GATA2 hypomorphism induces chronic myelomonocytic leukemia in mice

• Published in: Cancer science Vol. 110; no. 4; pp. 1183 - 1193
• Main Authors: Harada, Nobuhiko, Hasegawa, Atsushi, Hirano, Ikuo, Yamamoto, Masayuki, Shimizu, Ritsuko
• Format: Journal Article
• Language: English
• Published: England John Wiley and Sons Inc 01.04.2019
• Subjects: Age Factors; aging; Animals; Biomarkers; Disease Models, Animal; GATA2 hypomorphism; GATA2 Transcription Factor - genetics; GATA2 Transcription Factor - metabolism; Gene Expression; Genetic Predisposition to Disease; Hematopoietic Stem Cells - cytology; Hematopoietic Stem Cells - metabolism; Leukemia, Myelomonocytic, Chronic - genetics; Leukemia, Myelomonocytic, Chronic - metabolism; Leukemia, Myelomonocytic, Chronic - pathology; Leukocyte Count; Leukocytosis - genetics; Leukocytosis - metabolism; Leukocytosis - pathology; Mice; Mice, Knockout; Monocytes; myelodysplastic syndrome; myeloproliferative disorder; Original; Polymorphism, Genetic; RNA, Messenger; stem cell dysfunction; myeloproliferative disorder; stem cell dysfunction; aging; GATA2 hypomorphism; myelodysplastic syndrome
• ISSN: 1347-9032; 1349-7006
• DOI: 10.1111/cas.13959

The transcription factor GATA2 regulates normal hematopoiesis, particularly in‐ stem cell maintenance and myeloid differentiation.
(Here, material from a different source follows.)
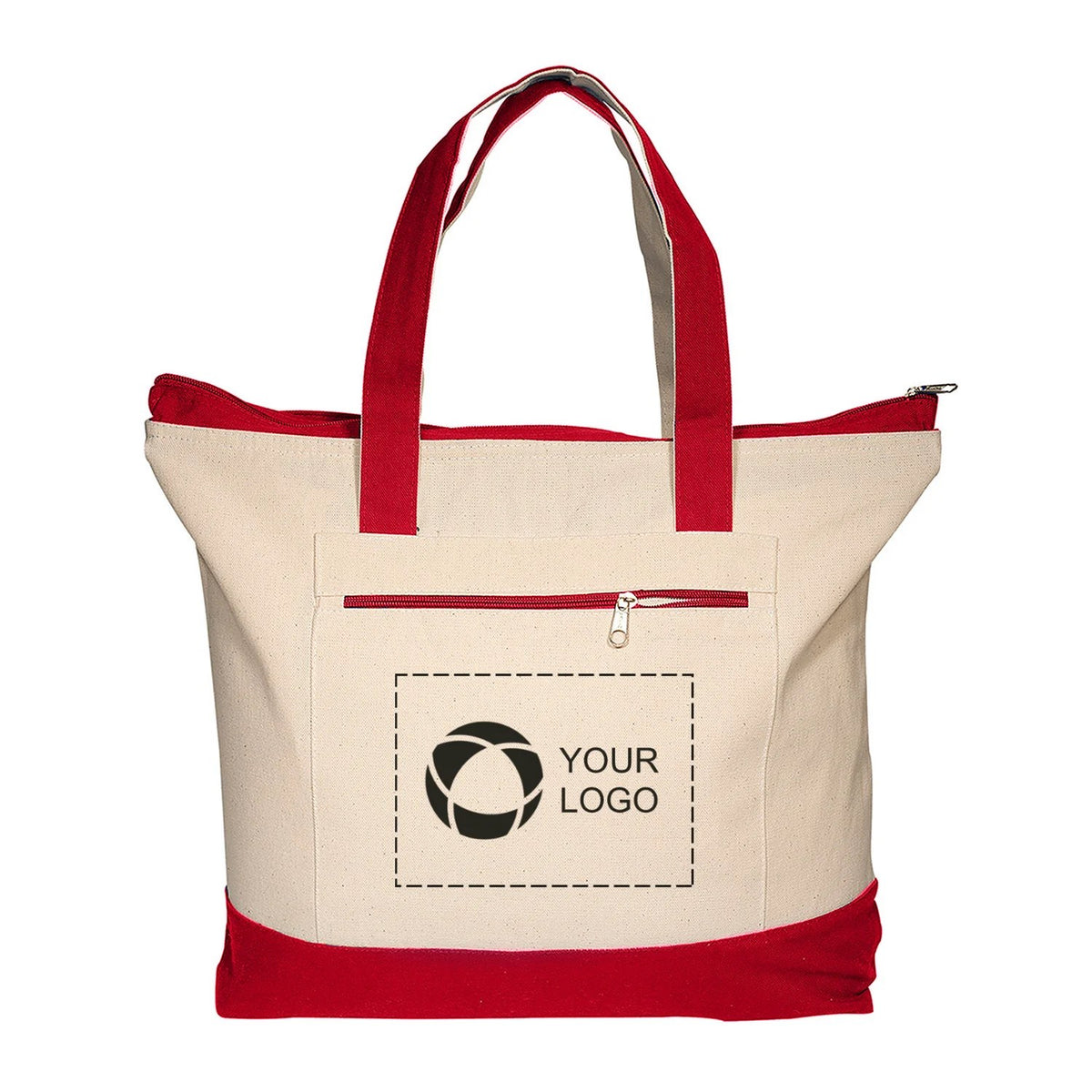 Zippered 10 oz Cotton Canvas Tote with Zip Front Pocket, 14 x 18 in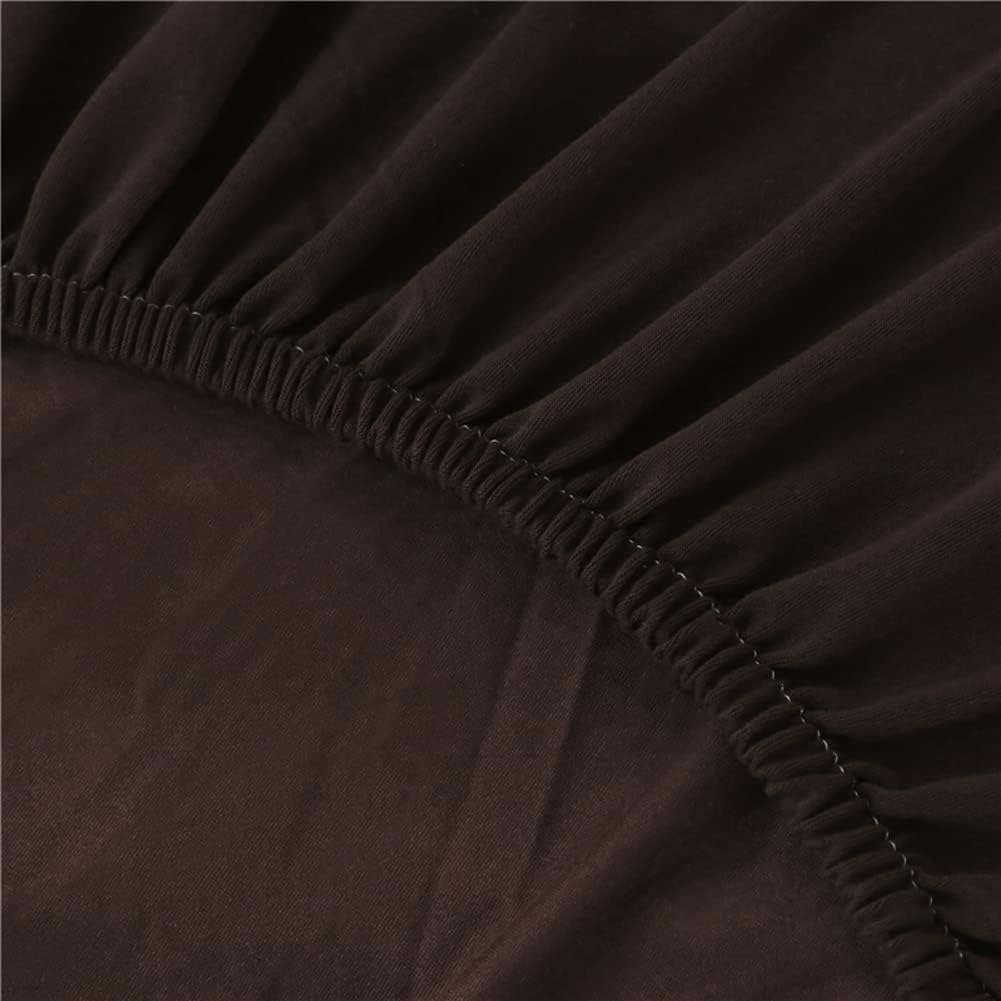 Futon Cover-Stretch Armless Futon Covers Full Size With Skirt Ruffled Futon Sofa Cover Washable Folding Sofa Bed Cover Soft Futon Couch Cover Slipcover With Elastic Bottom For Kids,Pets(Coffee)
Various heteroallelic GATA2 gene mutations are associated with a variety of hematological neoplasms, including myelodysplastic syndromes and leukemias. Here, we report that impaired GATA2 expression induces myelodysplastic and myeloproliferative neoplasm development in elderly animals, and this neoplasm resembles chronic myelomonocytic leukemia in humans. GATA2 hypomorphic mutant (G2fGN/fGN) mice that were generated by the germline insertion of a neocassette into the Gata2 gene locus avoided the early embryonic lethality observed in Gata2‐null mice. However, adult G2fGN/fGN mice suffered from exacerbated leukocytosis concomitant with progressive anemia and thrombocytopenia and eventually developed massive granulomonocytosis accompanied by trilineage dysplasia. The reconstitution activity of G2fGN/fGN mouse stem cells was impaired. Furthermore, G2fGN/fGN progenitors showed myeloid lineage‐biased proliferation and differentiation. Myeloid progenitor accumulation started at a younger age in G2fGN/fGN mice and appeared to worsen with age. G2fGN/fGN mice showed increased expression of transcripts encoding cytokine receptors, such as macrophage colony‐stimulating factor receptor and interleukin‐6 receptor, in granulocyte‐monocyte progenitors. This increased expression could be correlated with the hypersensitive granulomonocytic proliferation reaction when the mice were exposed to lipopolysaccharide. Taken together, these observations indicate that GATA2 hypomorphism leads to a hyperreactive defense response to infections, and this reaction is attributed to a unique intrinsic cell defect in the regulation of myeloid expansion that increases the risk of hematological neoplasm transformation. GATA2 hypomorphism causes a hyperreactive defense response to infections in mice, thus increasing the risk of hematological neoplasm. In elderly animals, GATA2 hypomorphism induces myelodysplastic/myeloproliferative neoplasm development, which resemble chronic myelomonocytic leukemia in humans.